Avec raison, la formation policière est souvent pointée du doigt comme étant déficiente. Les policières et les policiers manquent de toute évidence d'outils et de compétences pour intervenir auprès des personnes qui souffrent de problèmes de santé mentale : Farshad Mohammadi et Jean-François Nadreau auraient pu en témoigner. Le manque de jugement des soit-disant agents de la paix dans leurs interventions auprès des minorités racisées ou marginalisées aura aussi coûté la vie à Freddy Villanueva et Mohammed Anas Bennis.

Le cœur du problème demeure toutefois l'absence de conséquences en cas d'abus de pouvoir et de violence illégitime.

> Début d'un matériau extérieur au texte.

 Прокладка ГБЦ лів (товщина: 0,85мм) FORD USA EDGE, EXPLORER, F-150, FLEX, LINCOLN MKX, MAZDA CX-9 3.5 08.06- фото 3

Selon les statistiques du commissaire à la déontologie policière, les deux tiers des plaintes sont rejetés après étude du comité. La moitié environ des dossiers sont clos dès l'examen préliminaire et moins de 10 % des plaintes retenues font l'objet d'une enquête du commissaire. Les statistiques sur les enquêtes indépendantes, ordonnées par le ministre de la Sécurité publique lorsqu’un décès ou des blessures graves surviennent à la suite d’une intervention policière, ne sont guère plus encourageantes. Leur taux de résolution inférieur à 1 %, soit 75 fois moins que le taux de résolution des enquêtes pour homicide au Canada en 2010. La création annoncée d'un bureau des enquêtes indépendantes n'y changera pas grand-chose. Dans les cas de bavures policières documentés en Ontario, l'unité des enquêtes spéciales affiche un taux de résolution de... 2,6 %.

Un chose est certaine, tant que l'on condamnera plus sévèrement la violence des « casseurs » que celle des « forces de l'ordre », il y aura d'autres 15 mars.